The Council of Mortgage Lenders has confirmed that gross lending smashed all records in 2006, as had been predicted by the trade body.
The data also reveals that a record £346bn was lent in 2006 as a whole, a 20 per cent increase from 2005. The record figure was fuelled by annual house price growth of around 7 per cent coupled with a 14 per cent increase in the number of house sales.
The CML had predicted lending would reach £345bn in 2006, so was pretty much spot-on.
It has, however, warned that the interest rate rise to 5.25 per cent earlier this month may see consumer demand for mortgages slip in 2007.
In December, gross lending hit a record of £29.4bn. This was down by 11 per cent on the all-time record of £33.1bn reached in November, but up by 8 per cent on the £27bn of lending in December last year.
CML director general Michael Coogan says: “The commentators who thought the housing market would crash in 2006 were wrong. Last year the market proved itself to be in robust shape and we expect it to remain so during 2007.
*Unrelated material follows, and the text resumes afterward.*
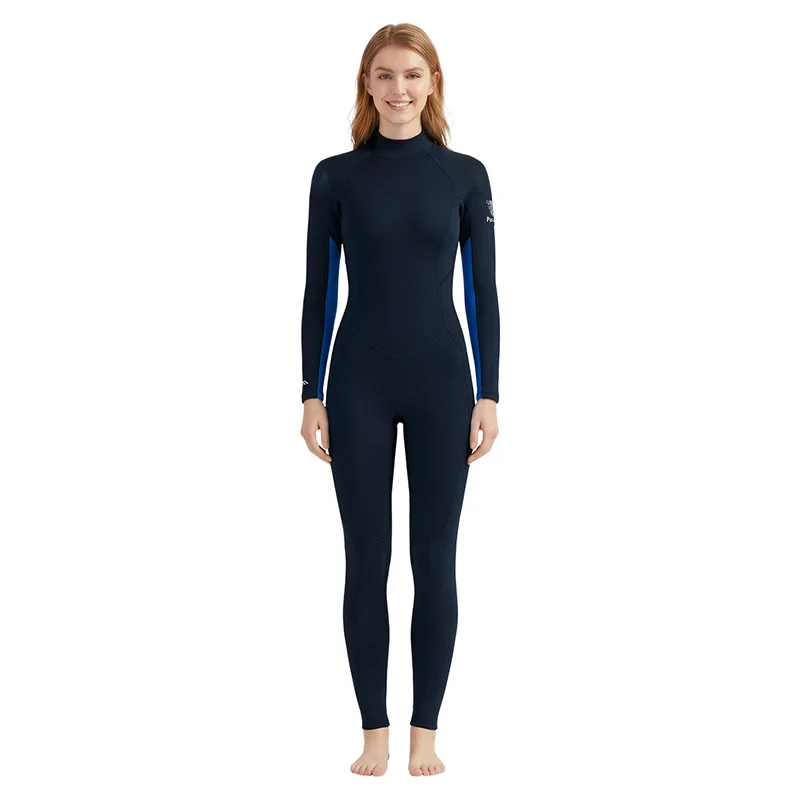 Women Dark Blue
“Going forward, many of the key drivers of the market remain positive. The economy is healthy, demand for housing is strong, and house prices continue to rise. As a result, mortgage lending this year is expected to be even higher than in 2006.
“But the recent increases in interest rates might make many aspiring home-owners think twice about getting on to the property ladder, and we expect to see levels of activity dampen as the year progresses.”